1. Field of the Invention
This invention relates to a process for the catalytic hydrogenation of liquid fatty acid triglycerides for the simultaneous recovery of fatty alcohols and C.sub.3 diols in the presence of gaseous hydrogen and hydrogenation catalysts under pressures of from 50 to 300 bar and at temperatures of from 160.degree. to 250.degree. C.
2. Description of the Related Art
A process of this type is known in German patent application No. DE 36 24 812. This process uses catalysts based on copper chromite with which it is possible to control the direct hydrogenation of triglycerides to fatty alcohols with high activity and selectivity under comparatively moderate reaction conditions in such a way that propane-1,2-diol is obtained as valuable secondary product and may be used for the production of alkyd or polyester resins and for many other applications.

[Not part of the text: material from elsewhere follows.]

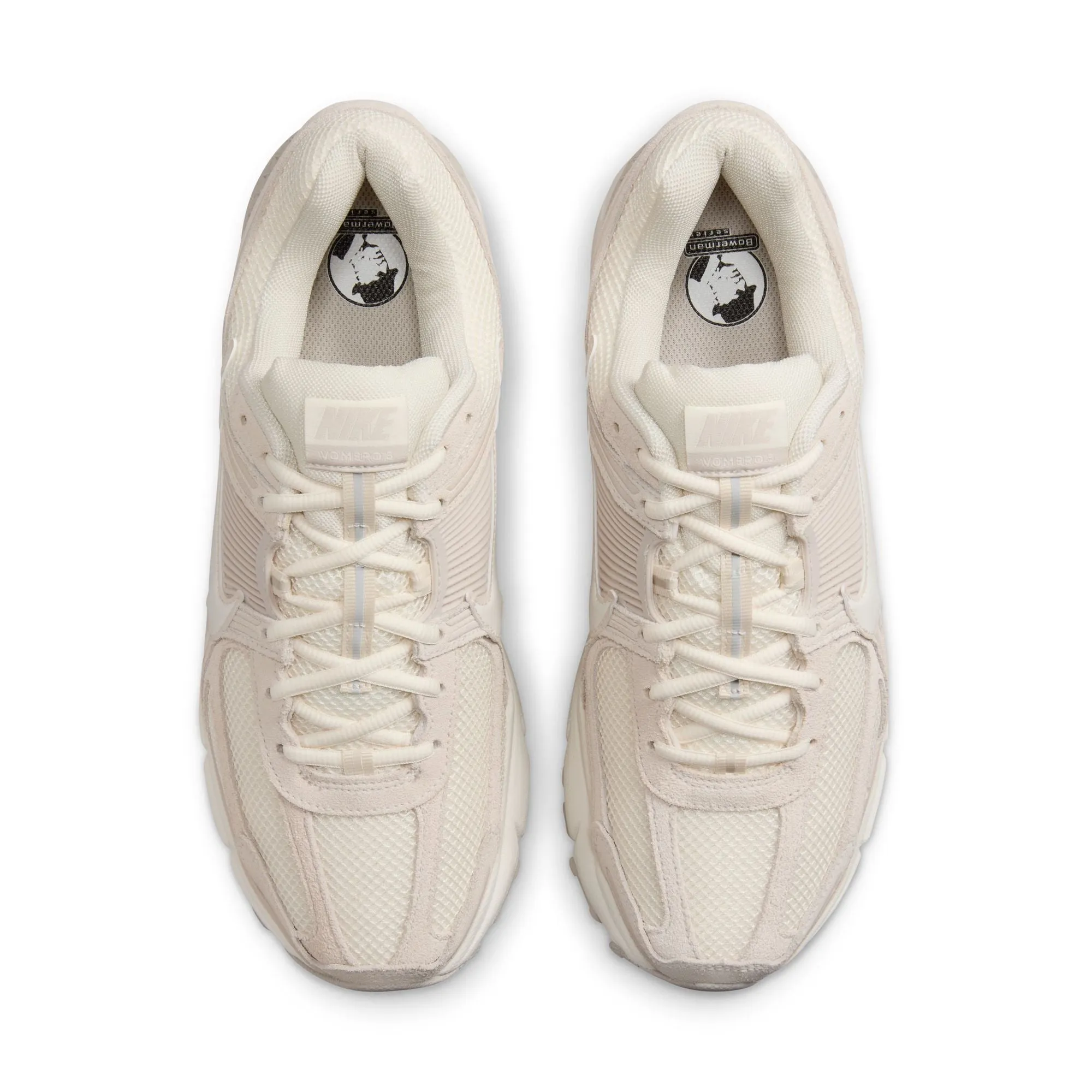 Nike Zoom Vomero 5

Since these and also other hydrogenation catalysts catalyze the degradation of the valuable product, propane-1,2-diol, to secondary products and the degradation of the fatty alcohols to paraffins under hydrogenation conditions with an increase in the residence time of the reaction mixture, the hydrogenation reaction can only be stopped at the stage of the desired products by maintaining special process conditions. However, it is not known from DE No. 36 24 812 how the catalytic hydrogenation of triglycerides can be accomplished on an industrial scale.
Catalytic reactions of the type in question are often carried out in fixed-bed reactors in which the fluid phases are introduced into the reactor as trickle phase. Reactors of this type are described, for example, in Ullmanns Enzyklopadie der technischen Chemie, 4th Edition, Vol. 3, pages 500 et sec. In these reactors, the reaction takes place under adiabatic conditions, i.e. the temperature increases along the catalyst packing during the mostly exothermic reactions. However, since the selectivity of most catalysts is greatly dependent on temperature, changes in the reaction mechanism can occur in consequence of the changes in temperature in the reactor so that mostly unwanted secondary reactions take place. In addition, excessive temperatures can cause irreversible damage to the catalyst.

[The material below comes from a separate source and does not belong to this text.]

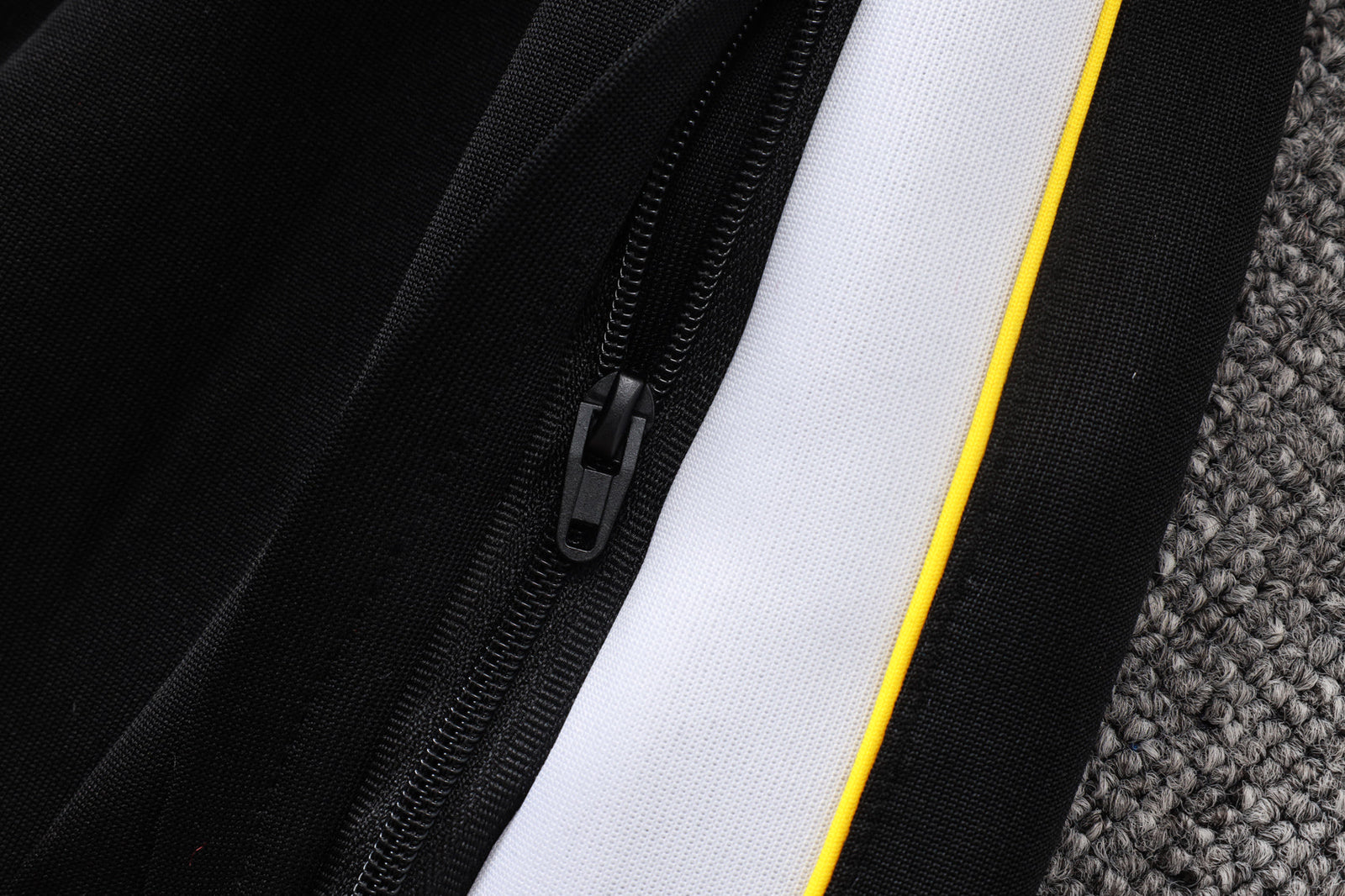 Tracksuit 26/27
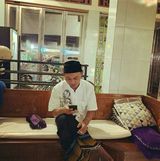 Foto pengguna Brahmasta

To limit the increase in temperature in the reactor, it is known that the gas phase may be passed in a large excess through the reactor or several reactors arranged one behind the other with intermediate cooling may be used. However, this method of temperature control is unsatisfactory for the hydrogenation of fatty acid triglycerides because the unwanted secondary reactions cannot be prevented in this way and the catalysts can suffer losses of activity through recrystallization and structural changes if certain temperatures are exceeded.
It is also known that catalytic reactions of the type in question can be carried out in an isothermally operated tube bundle reactor (Chemie-Technik, Vol. 4 (1975, No. 12, pages 439-441). In the so-called Bayer cold hydrogenation process, catalytic hydrogenations are carried out at low temperatures under substantially isothermal conditions so that the catalyst is not subjected to any variations in temperature and there is no danger of overheating. However, the reaction described in this literature reference is an extremely non-critical hydrogenation reaction, i.e. only one valuable product is targeted and the reaction product is not subsequently reacted to the same extent, if at all, so that if necessary unreacted components may be recycled; even an extended residence time under hydrogenation conditions does not harm the product.
Accordingly, the object of the present invention is to provide a process for the direct catalytic hydrogenation of triglycerides to fatty alcohols and propanediol under industrial conditions with yields of propanediol of more than 80% of the theoretical and with a content of paraffins of no more than 0.5% of the theoretical.